Le pagine di esorcismo sono originali e inquietanti, ma nel racconto di Na Hong-jin, reduce dalle esperienze registiche corroboranti di titoli come The Chaser (208) e The Yellow Sea (2010), persino le esasperazioni sono un elemento di minuziosa precisione per restituire fisionomia originale a un film che ha momenti che paiono tourbillon di colpi di scena e passaggi di fulminante scaltrezza. L’enigma che si dipana soltanto nel finale, dopo l’immersione in un gioco di pedine posizionate con lentezza e apparente casualità, è l’apoteosi di un film in cui il contesto rurale intriso di cattolicesimo e sciamanesimo ritrova tutta la sua caratteristica di fatalismo e fiacchezza: un’indolenza in cui i sospetti e la goffa ingenuità dei paesani non possono che condurre alla confusione.
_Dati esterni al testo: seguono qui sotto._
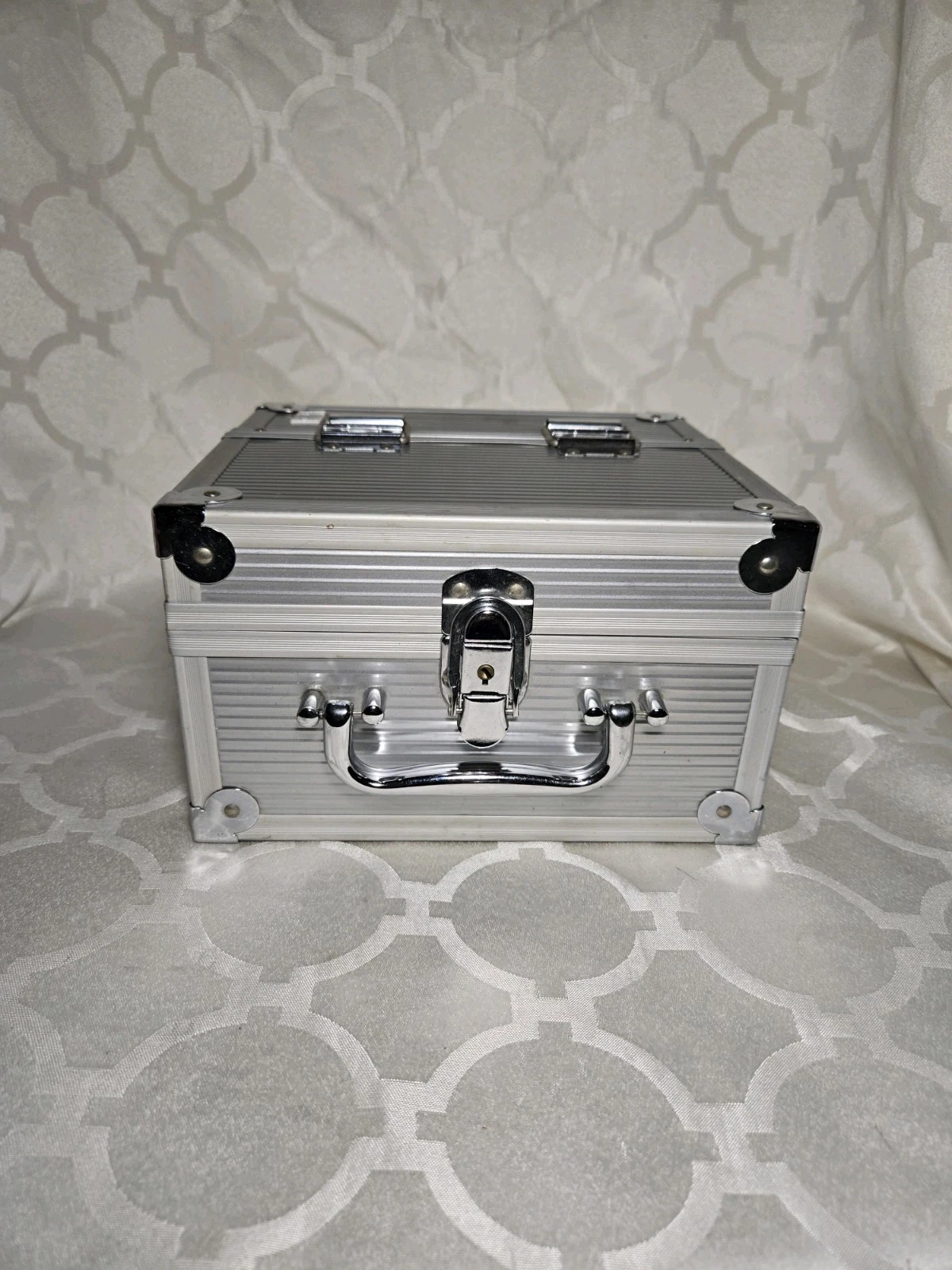 Caboodle Cosmetic Travel Case Silver Metal Makeup Organizer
Il caos d’altro canto, essendo il tratto che più emerge dalle prime immagini del film, si fa preludio di una violenza pronta a sprofondare la cittadina nell’abisso. L’orrore esplode con le cadenze ipnotiche forsennate che arrivano alla sequenza davvero disturbante del doppio rituale e pur sempre con la figura del poliziotto Jong-Goo, a doppiare la condizione dello spettatore. E se inizialmente Jong-Goo non dà retta alle chiacchiere da bar, dovrà ricredersi dinanzi ai gravi segni di squilibrio fisico e mentale della figlia, per cercare di andare più a fondo nella questione e ritrovarsi confuso e spiazzato non meno dello spettatore, almeno nella prima parte del film che prelude a una vicenda complessa e monumentale, con cui l’horror sud-coreano alza decisamente la posta espressiva, e coglie in questa nera vicenda sprazzi di vera inquietudine esistenziale dove non si fanno sconti nemmeno per l’anima del protagonista che poi così candido non è. L’horror enciclopedico trova qui uno suo sviluppo lancinante, esasperato e notevolmente ambizioso.